The stress of kindergarten. The school in the woods open house was ok- sounds so quaint, but its not all that quaint. Its muddy and a lot of the staff have lyme disease, apparently. Anyway- in and out, down the pot hole strewn road, got the application and the number assigned to it. Learned that the 200 or so of us there were competing for 13 spaces.

I don't know that I liked it there anyway.

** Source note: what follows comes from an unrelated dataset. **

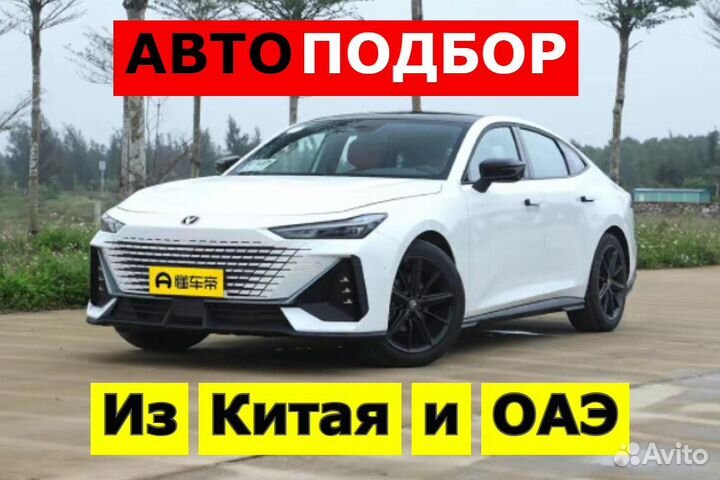 Подбор авто Китай, ОАЭ. Консалтинг по вэд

The school is set in 300 or so acres of woods, (which I DID like) the push of the school is science, they are big on the environment, the kids hike for hours- that all sounds great, but it seemed like all they do. I like tadpoles, but I don't want to do my reading, math, science, art, do they have music? all about tadpoles. I think I would stop wanting to learn anything if I had to relate it all to a tadpole. I love, love, love the woods, I am not anti science, or anti environment- or anti tadpole- but the school did not seem so well rounded to me.

It was a reunion of most of the people I know, who I have been sharing kindergarten stress with. Public school? private school? Financial aid for kindergarten? Everyone with their version of the same stress, their babies starting kindergarten in a city where the public school system is broken. I really like the kids H goes to pre-K with and I'm sad that they are all scattering to different schools.

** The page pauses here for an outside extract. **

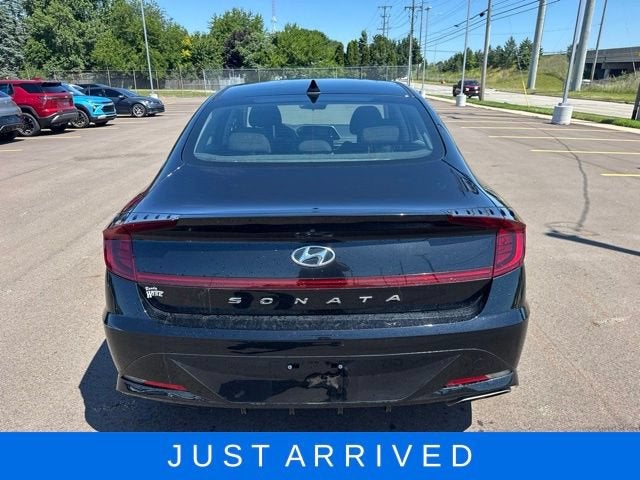 2022 Hyundai Sonata SEL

The public schools around here are ok, but I don't think they're good enough. I've struggled with just saying that, but there I said it. I worry that I'm not being realistic, I worry that I'm over sheltering. Or that I'm stereotyping. Or that I'm not being true to the community feeling that's snuck up on me from living here for longer than I meant to. Or that I'm part of the not-my-child problem with the public education system. Mainly I worry that I don't know what I'm talking about. I hate the idea that with private school you're paying for who your kid goes to school with. Although there is some truth to that, I have come to learn you can always find an asshole somewhere. Just as you can find a saint in a shit hole.

Going to these open houses is like going through the motions to me. I know where I want H (and later S) to go to kindergarten. I have no doubts, save for how I will pay the tuition for this school. H has been accepted to the school, I should hear about financial aid soon, in a week or two. Its a friends school, where my family, and now MY family, as is US, WE, have been going to meeting. My mother and grandmother are Quaker, they have been going to meeting at the meeting house associated with this school since the 40's. I was raised Quaker- and its only now that I'm realizing the truth to that. I've said for as long as I can remember that I was raised Quaker- but that was mostly my yearning to say I was raised something. I didn't know that I really was raised Quaker until I started going to meeting- it was all so familiar, and felt so right. Sitting there in silence with people who felt the same way I do, not about everything certainly, but who care about a lot of the same things I do. I sat there thinking, Wait! Am I going to be one of those people with the inner peace? I feel inner peaceful! So, there, now I've said that, too. I am apparently a Quaker. And am excited to raise my girls Quaker, too.